There are, in fact, two full-conversion Star Trek mods for Stellaris that have been around for years. This makes sense for a space strategy game largely defined by its intense mod scene, though Infinite is Paradox’s first official Trek game. Grand strategy games and classic science fiction align beautifully for obvious reasons: both are full of bombastic moral posturing, self-righteous colonisation narratives, and big-picture civilisational themes that mostly end up being mindlessly subsumed into a desk marathon of bureaucratic reorganisation, unit micromanagement, and rote muscle memory. And while Paradox has done a much better job at engaging with its chosen source material than what Shiro Games did with the very forgettable Dune: Spice Wars 4X game (not to be confused with this now-defunct Dune Stellaris mod), the review version of Infinite still leaves much to be desired.

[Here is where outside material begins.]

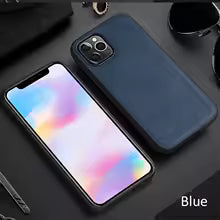 X-Level Matte Frosted Leather Back Protective Shell – Slim & Elegant iPhone Case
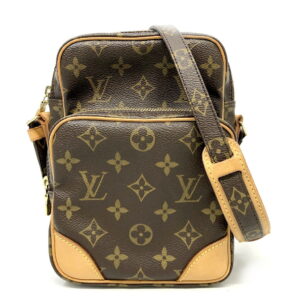 h2203482 1 Louis Vuitton Drouot Crossbody Shoulder Bag Monogram Brown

Featuring the Federation, Romulans, Klingons, or Cardassians as playable factions, Infinite kicks off around familiar Trek events, namely the immediate aftermath of the Khitomer Massacre and the impending explosion of the Romulan sun. There are more canonical milestones depending on your choices – if you play your cards right, you can even build everyone’s favourite chaos zone, Deep Space Nine. The tutorial starts you off as the Federation, probably the most familiar way to navigate the byzantine crucible of playing Stellaris for the first time (or even the fifth time – it’s a monster). But going the way of the Federation is the least imaginative way to live amongst the stars, spreading hyper-bureaucratic vibes and perfunctory diplomacy with fake hellos and soft handshakes; I had a much better time as Cardassians and Romulans, not just because I could play two wildly indulgent flavours of sociopathic asshole, but because there’s a lot more room to have fun without the burden of being the galaxy’s most self-important good guy.